#### What the exercise asks:
When you transcribe the lines below, keep every word the same and leave the pictures behind.

#### Input

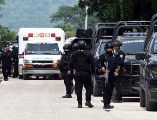 Integrantes de la policía vigilan afuera de las instalaciones del penal El Castillo el 8 de octubre, luego de que al menos diez personas fallecieran tras un motín, en Mazatlán, Sinaloa. EFE/ F. Mcconegly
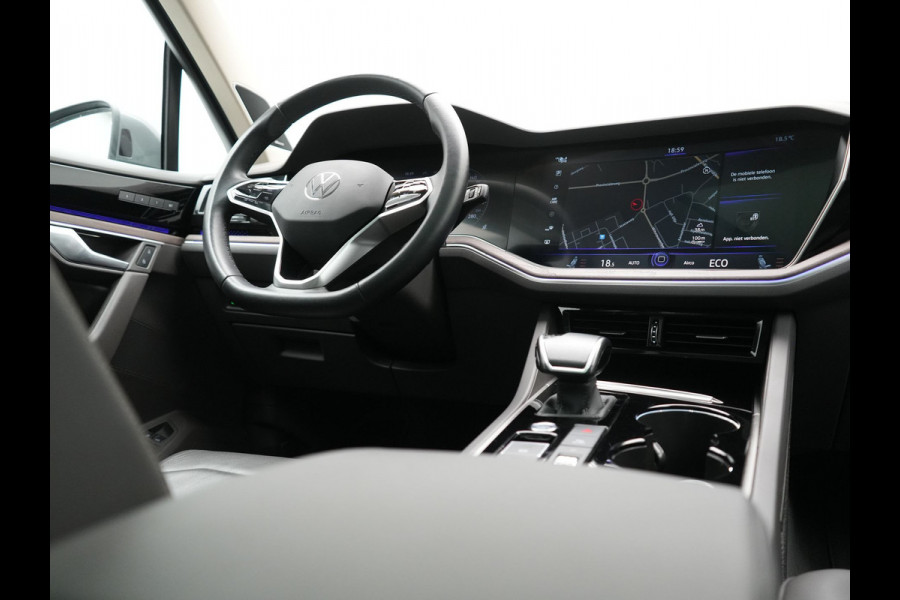 Volkswagen Touareg 3.0 TSi eHybrid 4MOTION PHEV 381pk Dealer O.H. | SOH 91,3% | Trekhaak Af Fabriek | Luchtvering | Panodak | Adaptive Cruise | Dynaudio | 360 Camera | Head Up | Lederen Comfortstoelen Memory & Verwarmd | Sfeerverlichting | Stuur Verwarmd |  Keyless | Apple Carplay | 20"L.M | Plug In Hybrid |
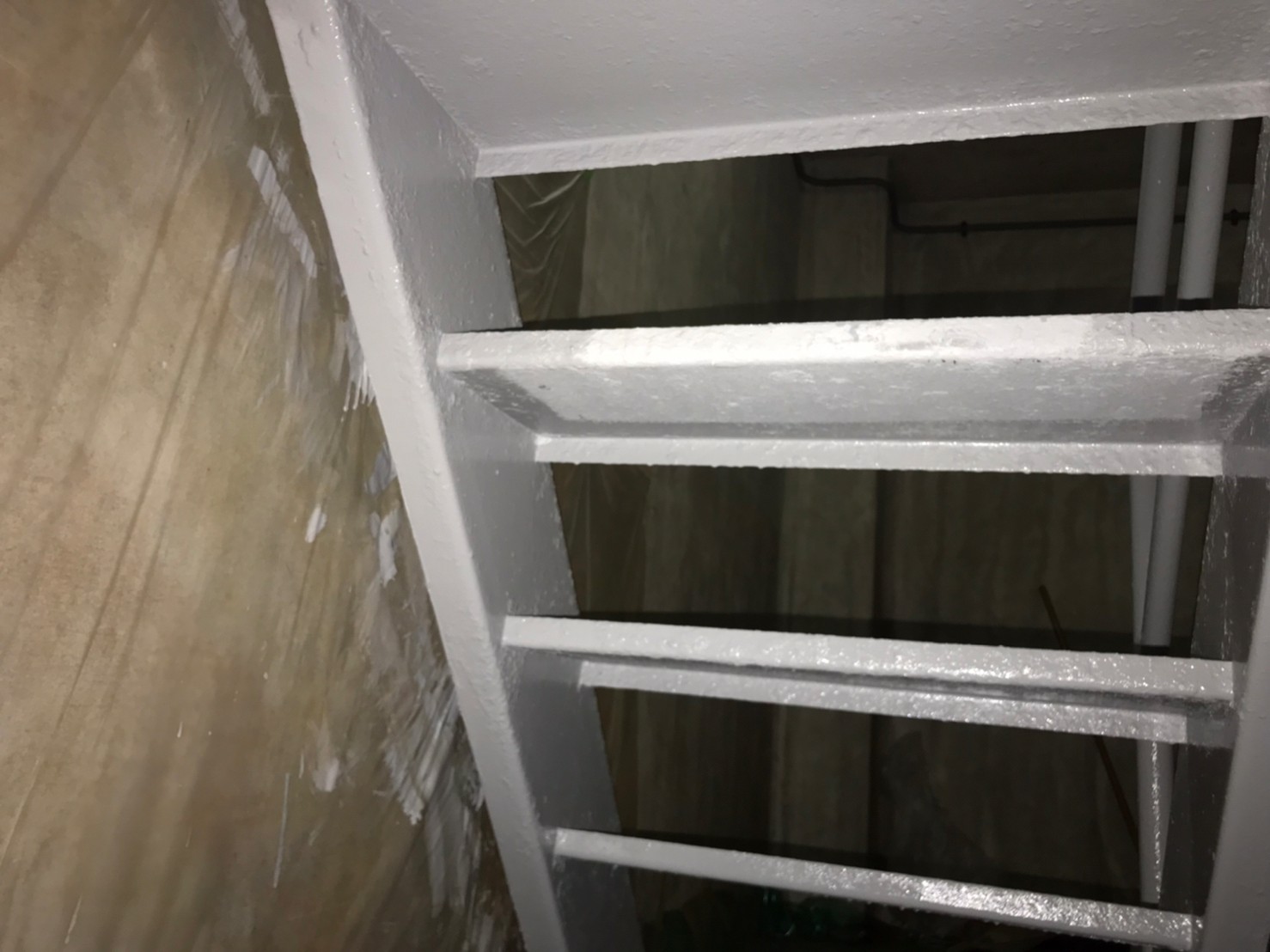 東山区Sマンション地下階段塗装工事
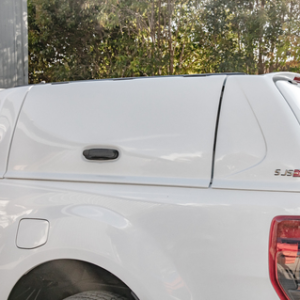 Pickup Attitude* trda streha Fleet Runner, bela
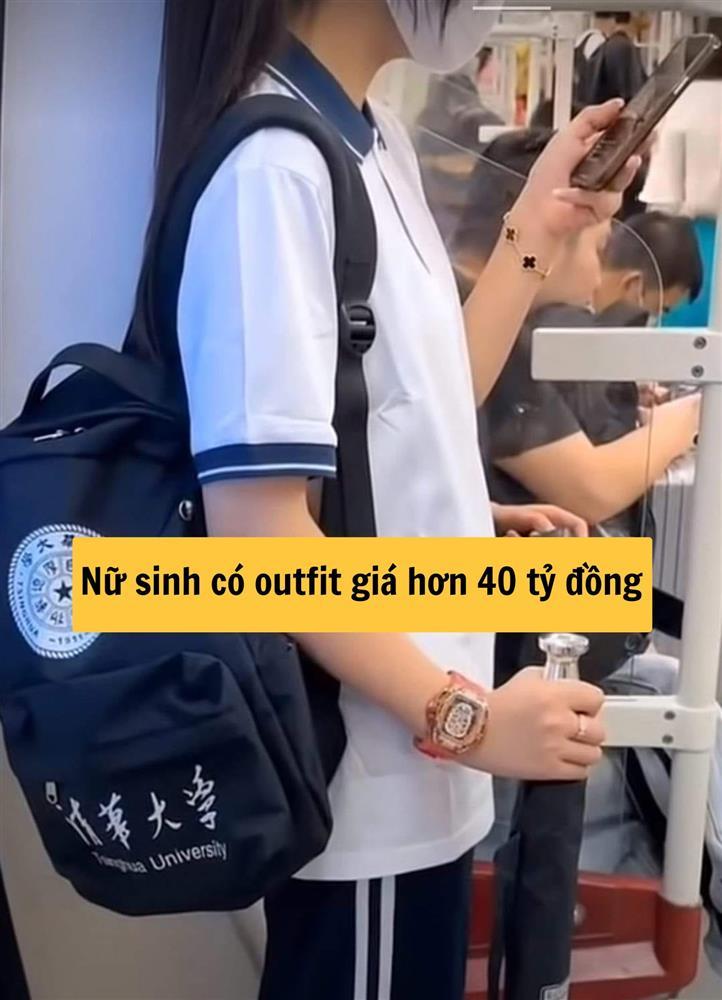 Nữ sinh diện bộ đồ đi học giá 40 tỷ, choáng nhất 1 thứ có tiền cũng không mua được-1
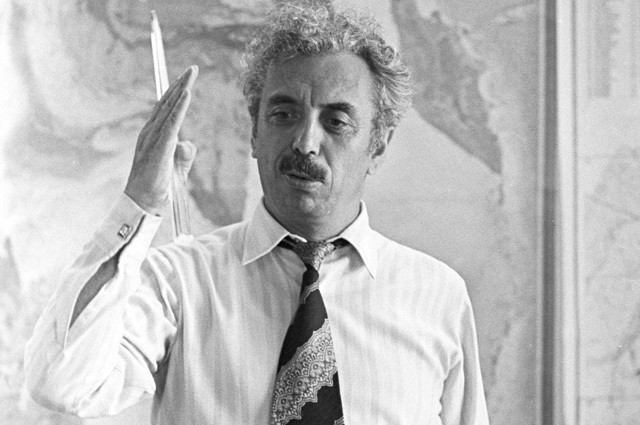 Rusiyanın Surqut şəhər hava limanına Fərman Salmanovun adı verilib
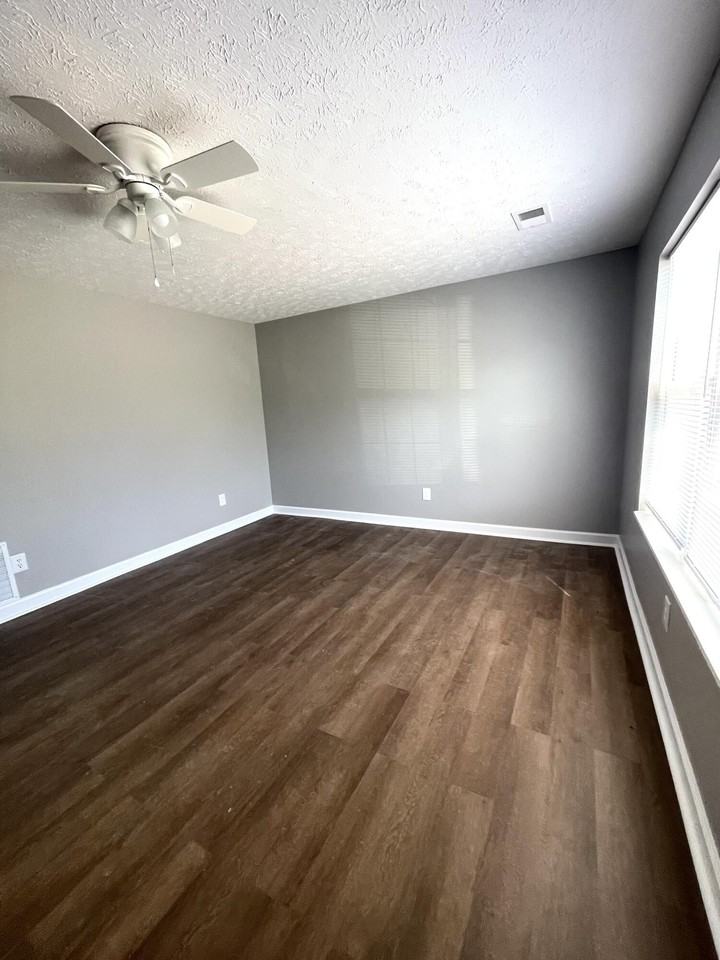 3705 Trent Cir - Photo 3 of 4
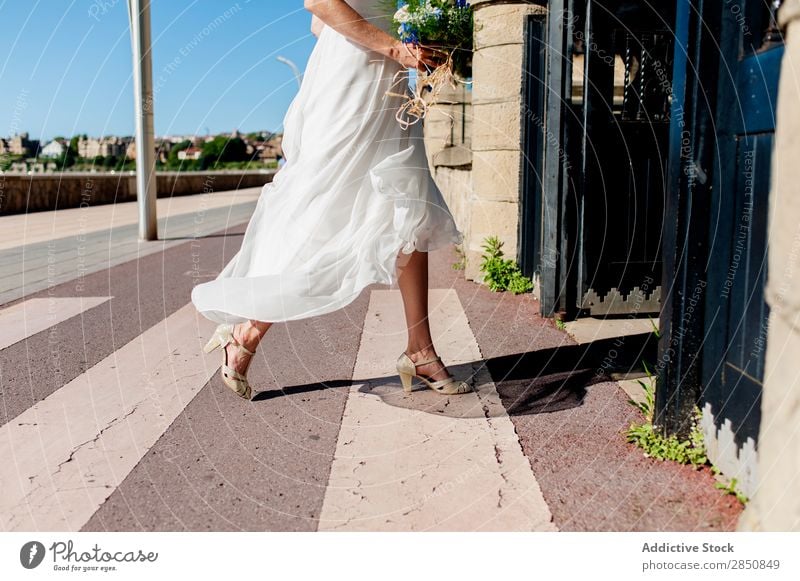 Getreidebraut, die in die Kirche geht. Braut Blumenstrauß Licht hochzeitlich Hochzeit Feste & Feiern Bekleidung Zeremonie Engagement Beautyfotografie Kleid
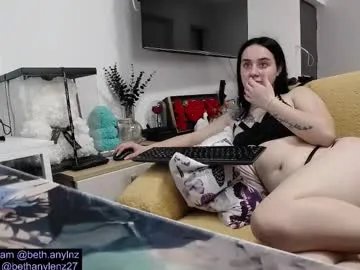 bethanylenz2 from Chaturbate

########

#### Result of the task:
 Integrantes de la policía vigilan afuera de las instalaciones del penal El Castillo el 8 de octubre, luego de que al menos diez personas fallecieran tras un motín, en Mazatlán, Sinaloa. EFE/ F. Mcconegly
 Volkswagen Touareg 3.0 TSi eHybrid 4MOTION PHEV 381pk Dealer O.H. | SOH 91,3% | Trekhaak Af Fabriek | Luchtvering | Panodak | Adaptive Cruise | Dynaudio | 360 Camera | Head Up | Lederen Comfortstoelen Memory & Verwarmd | Sfeerverlichting | Stuur Verwarmd |  Keyless | Apple Carplay | 20"L.M | Plug In Hybrid |
 東山区Sマンション地下階段塗装工事
 Pickup Attitude* trda streha Fleet Runner, bela
 Nữ sinh diện bộ đồ đi học giá 40 tỷ, choáng nhất 1 thứ có tiền cũng không mua được-1
 Rusiyanın Surqut şəhər hava limanına Fərman Salmanovun adı verilib
 3705 Trent Cir - Photo 3 of 4
 Getreidebraut, die in die Kirche geht. Braut Blumenstrauß Licht hochzeitlich Hochzeit Feste & Feiern Bekleidung Zeremonie Engagement Beautyfotografie Kleid
 bethanylenz2 from Chaturbate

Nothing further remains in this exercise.